PROBLEM DETAILS: Each line from the one containing "#MAVİVATAN #TCGİstanbul https://t.co/2dwwKXhRCz" to the end of the entries below is to be set down exactly; the pictures are not.

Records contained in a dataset
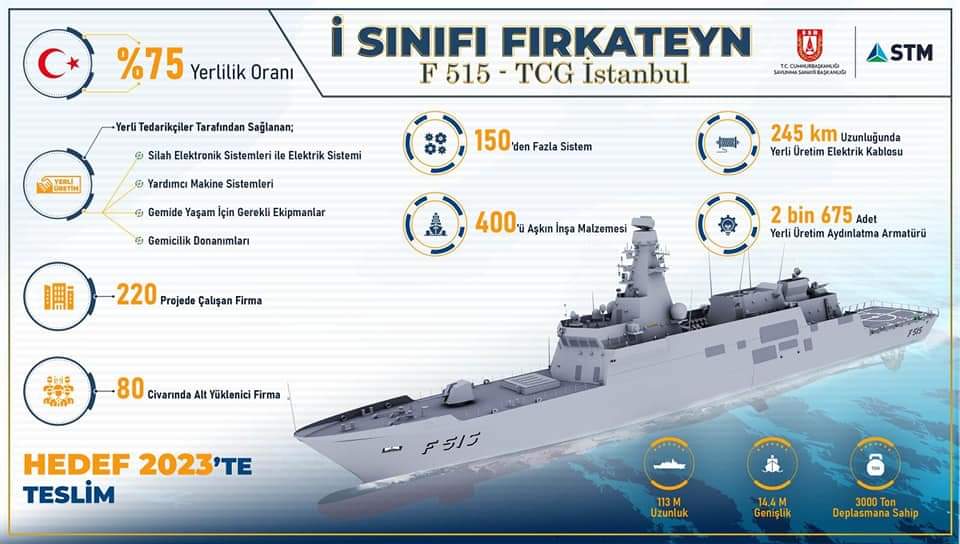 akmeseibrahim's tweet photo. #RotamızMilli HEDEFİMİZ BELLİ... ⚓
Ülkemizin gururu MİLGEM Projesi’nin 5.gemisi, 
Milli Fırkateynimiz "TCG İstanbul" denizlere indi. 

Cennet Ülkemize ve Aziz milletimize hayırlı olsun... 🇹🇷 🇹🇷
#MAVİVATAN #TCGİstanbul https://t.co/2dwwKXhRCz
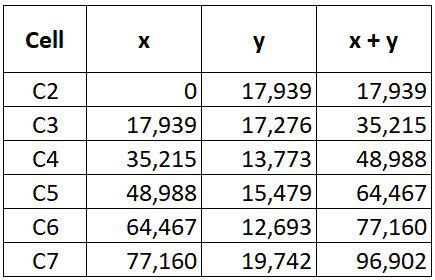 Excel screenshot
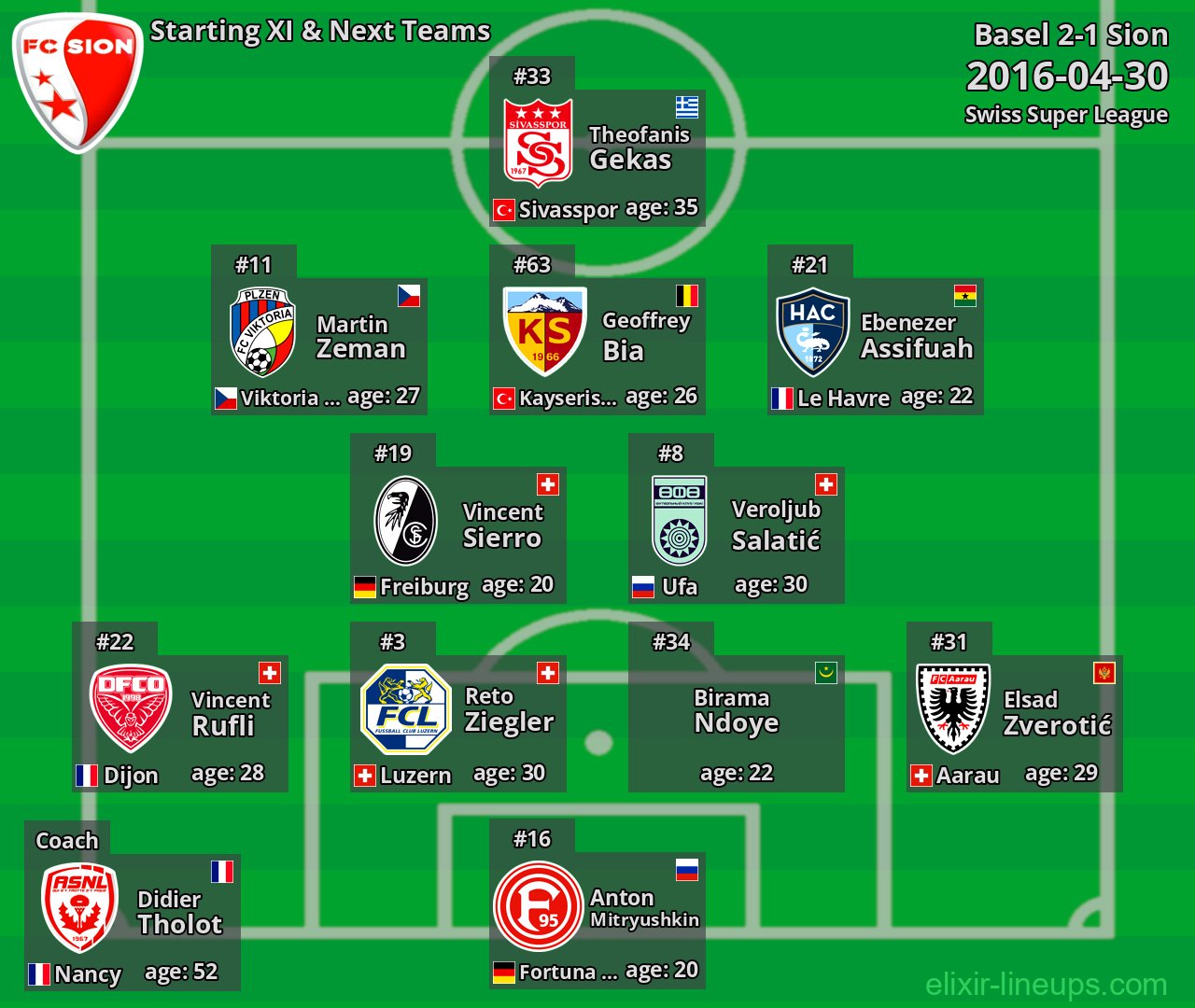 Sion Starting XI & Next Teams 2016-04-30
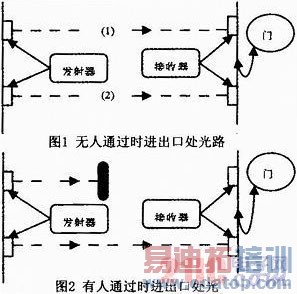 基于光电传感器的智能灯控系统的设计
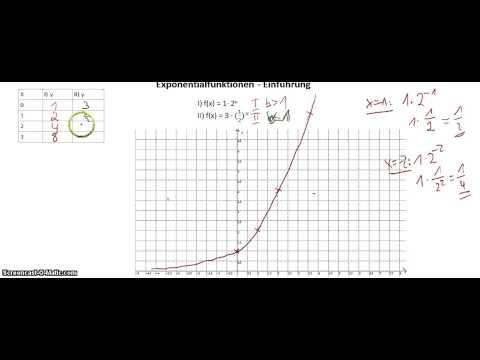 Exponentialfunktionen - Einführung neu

ANSWER BELOW:
#MAVİVATAN #TCGİstanbul https://t.co/2dwwKXhRCz
 Excel screenshot
 Sion Starting XI & Next Teams 2016-04-30
 基于光电传感器的智能灯控系统的设计
 Exponentialfunktionen - Einführung neu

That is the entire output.